An example of the method for manufacturing the exterior material for electrical storage devices of the present invention is as follows. First, a laminate including the base material layer 1, the adhesive agent layer 2 and the barrier layer 3 in this order (hereinafter, the laminate may be described as a “laminate A”) is formed. Specifically, the laminate A can be formed by a dry lamination method in which an adhesive to be used for formation of the adhesive agent layer 2 is applied onto the base material layer 1 or the barrier layer 3, the surface of which is subjected to a chemical conversion treatment if necessary, using a coating method such as a gravure coating method or a roll coating method, and dried, the barrier layer 3 or the base material layer 1 is then laminated, and the adhesive agent layer 2 is cured.
Then, the heat-sealable resin layer 4 is laminated on the barrier layer 3 of the laminate A. When the heat-sealable resin layer 4 is laminated directly on the barrier layer 3, the heat-sealable resin layer 4 may be laminated onto the barrier layer 3 of the laminate A by a method such as a thermal lamination method or an extrusion lamination method. When the adhesive layer 5 is provided between the barrier layer 3 and the heat-sealable resin layer 4, mention is made of, for example, (1) a method in which the adhesive layer 5 and the heat-sealable resin layer 4 are extruded to be laminated on the barrier layer 3 of the laminate A (extrusion lamination method or tandem lamination method); (2) a method in which the adhesive layer 5 and the heat-sealable resin layer 4 are laminated to form a laminate separately, and the laminate is laminated on the barrier layer 3 of the laminate A by a thermal lamination method, or a method in which a laminate with the adhesive layer 5 laminated on the barrier layer 3 of the laminate A is formed, and laminated to the heat-sealable resin layer 4 by a thermal lamination method; (3) a method in which the melted adhesive layer 5 is poured between the barrier layer 3 of the laminate A and the heat-sealable resin layer 4 formed in a sheet shape beforehand, and simultaneously the laminate A and the heat-sealable resin layer 4 are bonded to each other with the adhesive layer 5 interposed therebetween (sandwich lamination); and (4) an adhesive for forming the adhesive layer 5 is applied by solution coating and dried or baked to laminate the adhesive on the barrier layer 3 of the laminate A, and the heat-sealable resin layer 4 formed in a sheet shape in advance is laminated on the adhesive layer 5.

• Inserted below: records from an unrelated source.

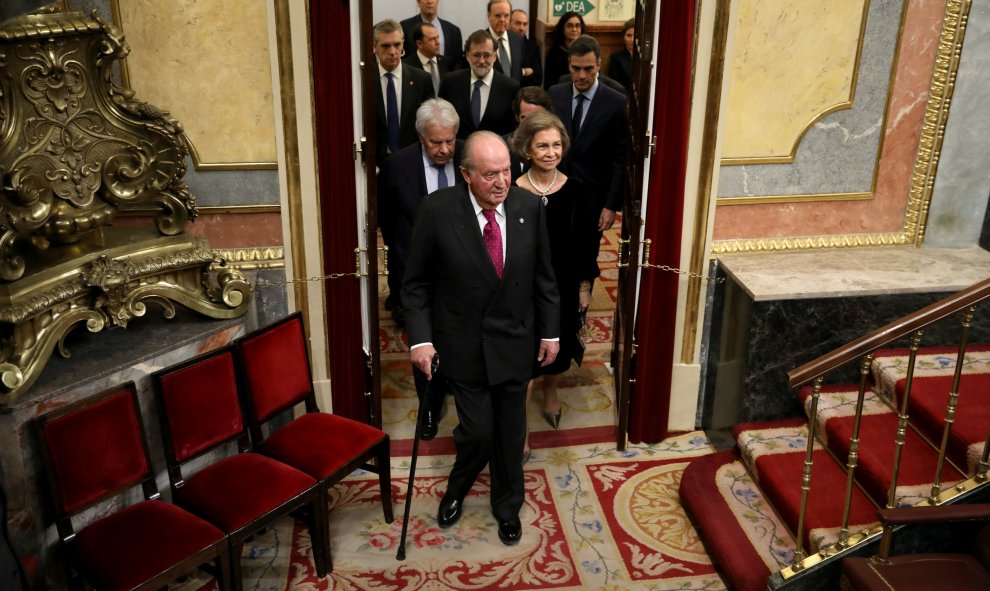 Los reyes eméritos Juan Carlos y Sofía entrar en el hemiciclo del Congreso de los Diputados para el acto de conmemoración del cuarenta aniversario de la Constitución . REUTERS/Susana Vera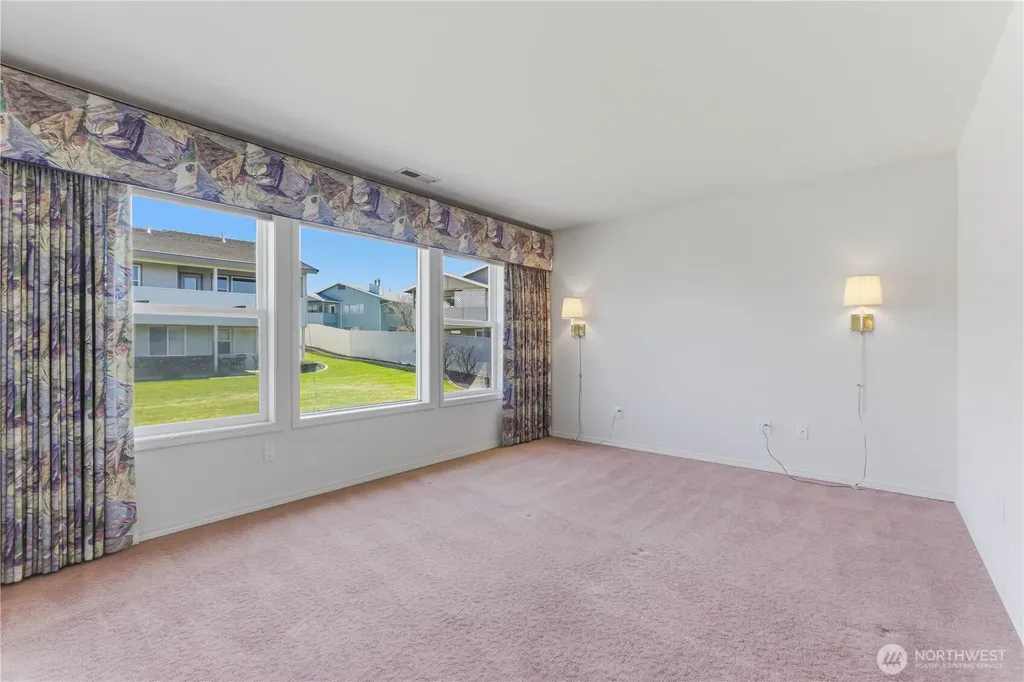 1380 Eastmont Avenue East Wenatchee WA 98802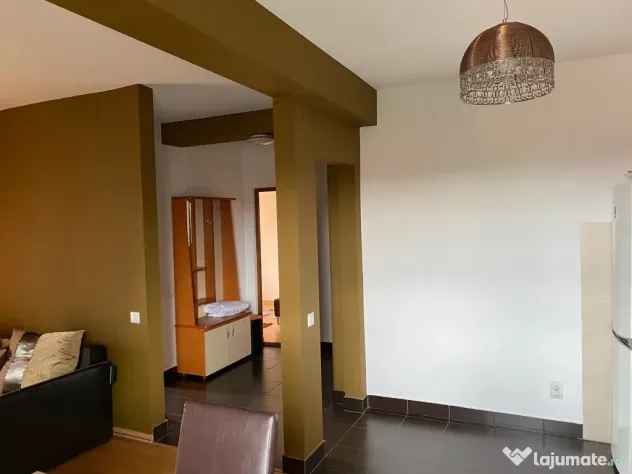 Inchiriez Ap. 2 camere cu parcare in centrul Clujului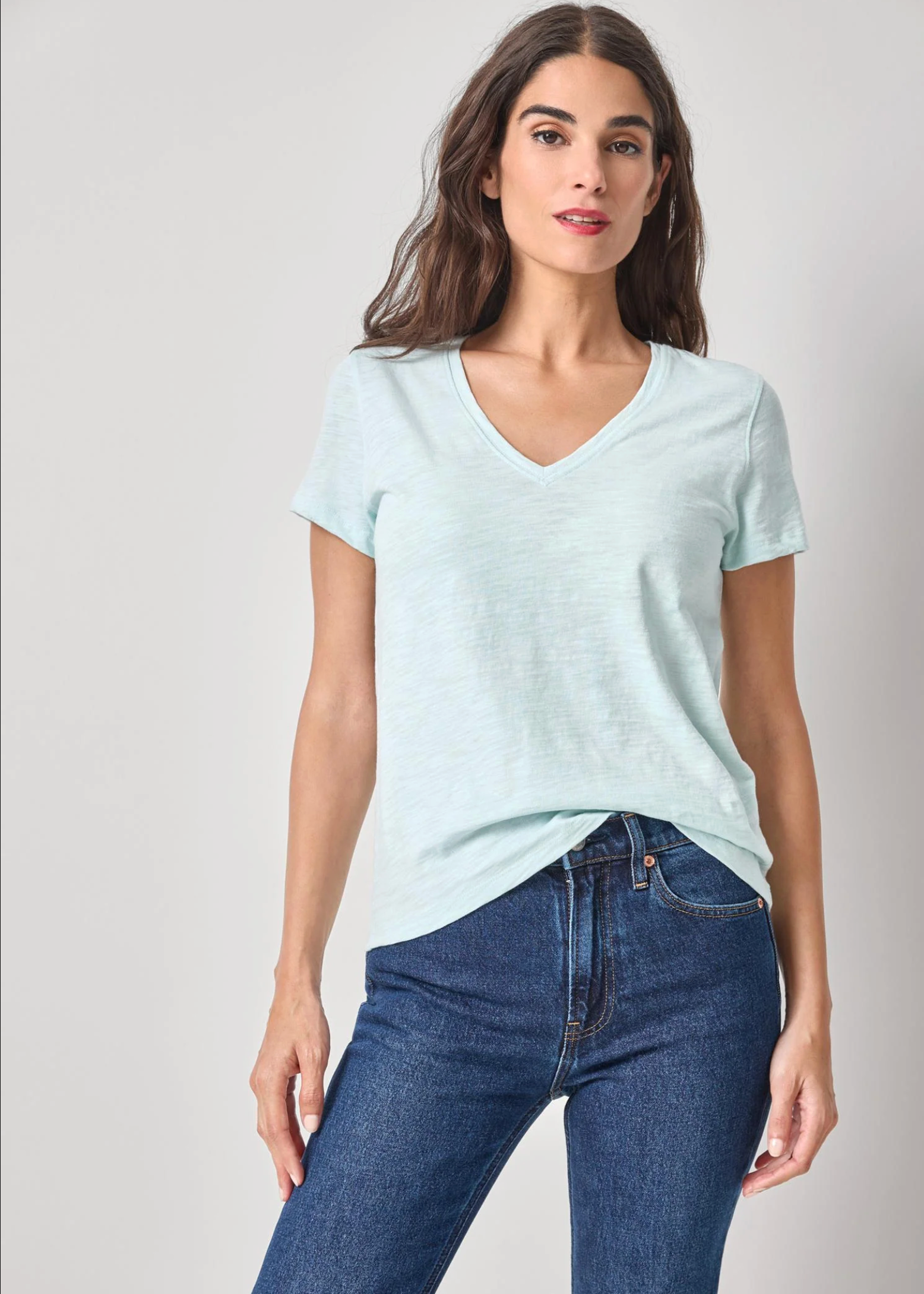 BACK SEAM V-NECK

When the surface coating layer 6 is provided, the surface coating layer 6 is laminated on a surface of the base material layer 1 on a side opposite to the barrier layer 3. The surface coating layer 6 can be formed by, for example, coating a surface of the base material layer 1 with the resin that forms the surface coating layer 6. The order of the step of laminating the barrier layer 3 on a surface of the base material layer 1 and the step of laminating the surface coating layer 6 on a surface of the base material layer 1 is not particularly limited. For example, the surface coating layer 6 may be formed on a surface of the base material layer 1, followed by forming the barrier layer 3 on a surface of the base material layer 1 on a side opposite to the surface coating layer 6.
As described above, a laminate including the surface coating layer 6 provided if necessary, the base material layer 1, the adhesive agent layer 2 provided if necessary, the barrier layer 3, the adhesive layer 5 provided if necessary, and the heat-sealable resin layer 4 in this order is formed, and the laminate may be further subjected to a heating treatment for strengthening the bondability of the adhesive agent layer 2 and the adhesive layer 5 provided if necessary.
In the exterior material for electrical storage devices, the layers forming the laminate may be subjected to surface activation treatment such as corona treatment, blast treatment, oxidation treatment or ozone treatment if necessary to improve processing suitability. For example, by subjecting a surface of the base material layer 1, which is opposite to the barrier layer 3, to a corona treatment, the ink printability of the surface of the base material layer 1 can be improved.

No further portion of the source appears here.